■ YOUR OBJECTIVE ■
Copy each entry exactly, leaving nothing out.

Top of MATERIAL FOR THIS EXERCISE

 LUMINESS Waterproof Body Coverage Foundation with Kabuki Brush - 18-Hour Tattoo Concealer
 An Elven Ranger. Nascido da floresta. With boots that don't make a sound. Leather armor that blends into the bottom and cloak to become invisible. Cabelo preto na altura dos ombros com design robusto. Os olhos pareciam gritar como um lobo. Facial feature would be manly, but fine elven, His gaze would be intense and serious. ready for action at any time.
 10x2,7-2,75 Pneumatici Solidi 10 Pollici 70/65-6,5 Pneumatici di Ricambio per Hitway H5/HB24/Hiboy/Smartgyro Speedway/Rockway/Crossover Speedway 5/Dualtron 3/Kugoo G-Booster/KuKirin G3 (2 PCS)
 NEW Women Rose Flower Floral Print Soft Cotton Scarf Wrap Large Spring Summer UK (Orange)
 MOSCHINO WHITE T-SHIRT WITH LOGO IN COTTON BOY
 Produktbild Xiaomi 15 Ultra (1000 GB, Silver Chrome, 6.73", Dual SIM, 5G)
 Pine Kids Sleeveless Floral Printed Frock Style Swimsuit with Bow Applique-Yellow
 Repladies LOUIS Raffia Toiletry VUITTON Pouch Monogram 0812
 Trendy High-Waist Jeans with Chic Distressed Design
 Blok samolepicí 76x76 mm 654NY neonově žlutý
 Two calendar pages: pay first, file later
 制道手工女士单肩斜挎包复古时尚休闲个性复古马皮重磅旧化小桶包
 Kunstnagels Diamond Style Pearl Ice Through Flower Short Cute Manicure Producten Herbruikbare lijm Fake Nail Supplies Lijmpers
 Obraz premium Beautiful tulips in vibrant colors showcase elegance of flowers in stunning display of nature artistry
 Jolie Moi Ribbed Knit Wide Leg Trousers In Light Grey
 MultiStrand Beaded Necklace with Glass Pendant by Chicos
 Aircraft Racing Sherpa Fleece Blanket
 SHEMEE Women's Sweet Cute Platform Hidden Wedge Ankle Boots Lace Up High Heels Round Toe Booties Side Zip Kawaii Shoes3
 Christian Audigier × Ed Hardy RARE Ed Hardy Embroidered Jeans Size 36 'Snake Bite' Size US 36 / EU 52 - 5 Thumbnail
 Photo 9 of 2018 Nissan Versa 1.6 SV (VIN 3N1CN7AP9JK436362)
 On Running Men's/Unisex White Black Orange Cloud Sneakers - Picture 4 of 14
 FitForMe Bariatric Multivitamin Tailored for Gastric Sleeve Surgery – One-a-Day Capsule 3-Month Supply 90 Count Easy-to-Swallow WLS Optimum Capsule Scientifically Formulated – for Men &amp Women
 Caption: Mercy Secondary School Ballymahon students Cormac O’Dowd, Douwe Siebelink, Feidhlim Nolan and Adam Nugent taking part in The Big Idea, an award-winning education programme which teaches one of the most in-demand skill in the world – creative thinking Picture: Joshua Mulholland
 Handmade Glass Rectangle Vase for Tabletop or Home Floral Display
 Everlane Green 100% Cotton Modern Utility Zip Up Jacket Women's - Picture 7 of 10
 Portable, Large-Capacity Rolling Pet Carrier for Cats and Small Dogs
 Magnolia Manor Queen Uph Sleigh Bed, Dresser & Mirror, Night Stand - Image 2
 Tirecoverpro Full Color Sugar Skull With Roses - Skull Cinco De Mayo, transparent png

Bottom of MATERIAL FOR THIS EXERCISE

■ ANSWER TO THIS EXERCISE ■
 LUMINESS Waterproof Body Coverage Foundation with Kabuki Brush - 18-Hour Tattoo Concealer
 An Elven Ranger. Nascido da floresta. With boots that don't make a sound. Leather armor that blends into the bottom and cloak to become invisible. Cabelo preto na altura dos ombros com design robusto. Os olhos pareciam gritar como um lobo. Facial feature would be manly, but fine elven, His gaze would be intense and serious. ready for action at any time.
 10x2,7-2,75 Pneumatici Solidi 10 Pollici 70/65-6,5 Pneumatici di Ricambio per Hitway H5/HB24/Hiboy/Smartgyro Speedway/Rockway/Crossover Speedway 5/Dualtron 3/Kugoo G-Booster/KuKirin G3 (2 PCS)
 NEW Women Rose Flower Floral Print Soft Cotton Scarf Wrap Large Spring Summer UK (Orange)
 MOSCHINO WHITE T-SHIRT WITH LOGO IN COTTON BOY
 Produktbild Xiaomi 15 Ultra (1000 GB, Silver Chrome, 6.73", Dual SIM, 5G)
 Pine Kids Sleeveless Floral Printed Frock Style Swimsuit with Bow Applique-Yellow
 Repladies LOUIS Raffia Toiletry VUITTON Pouch Monogram 0812
 Trendy High-Waist Jeans with Chic Distressed Design
 Blok samolepicí 76x76 mm 654NY neonově žlutý
 Two calendar pages: pay first, file later
 制道手工女士单肩斜挎包复古时尚休闲个性复古马皮重磅旧化小桶包
 Kunstnagels Diamond Style Pearl Ice Through Flower Short Cute Manicure Producten Herbruikbare lijm Fake Nail Supplies Lijmpers
 Obraz premium Beautiful tulips in vibrant colors showcase elegance of flowers in stunning display of nature artistry
 Jolie Moi Ribbed Knit Wide Leg Trousers In Light Grey
 MultiStrand Beaded Necklace with Glass Pendant by Chicos
 Aircraft Racing Sherpa Fleece Blanket
 SHEMEE Women's Sweet Cute Platform Hidden Wedge Ankle Boots Lace Up High Heels Round Toe Booties Side Zip Kawaii Shoes3
 Christian Audigier × Ed Hardy RARE Ed Hardy Embroidered Jeans Size 36 'Snake Bite' Size US 36 / EU 52 - 5 Thumbnail
 Photo 9 of 2018 Nissan Versa 1.6 SV (VIN 3N1CN7AP9JK436362)
 On Running Men's/Unisex White Black Orange Cloud Sneakers - Picture 4 of 14
 FitForMe Bariatric Multivitamin Tailored for Gastric Sleeve Surgery – One-a-Day Capsule 3-Month Supply 90 Count Easy-to-Swallow WLS Optimum Capsule Scientifically Formulated – for Men &amp Women
 Caption: Mercy Secondary School Ballymahon students Cormac O’Dowd, Douwe Siebelink, Feidhlim Nolan and Adam Nugent taking part in The Big Idea, an award-winning education programme which teaches one of the most in-demand skill in the world – creative thinking Picture: Joshua Mulholland
 Handmade Glass Rectangle Vase for Tabletop or Home Floral Display
 Everlane Green 100% Cotton Modern Utility Zip Up Jacket Women's - Picture 7 of 10
 Portable, Large-Capacity Rolling Pet Carrier for Cats and Small Dogs
 Magnolia Manor Queen Uph Sleigh Bed, Dresser & Mirror, Night Stand - Image 2
 Tirecoverpro Full Color Sugar Skull With Roses - Skull Cinco De Mayo, transparent png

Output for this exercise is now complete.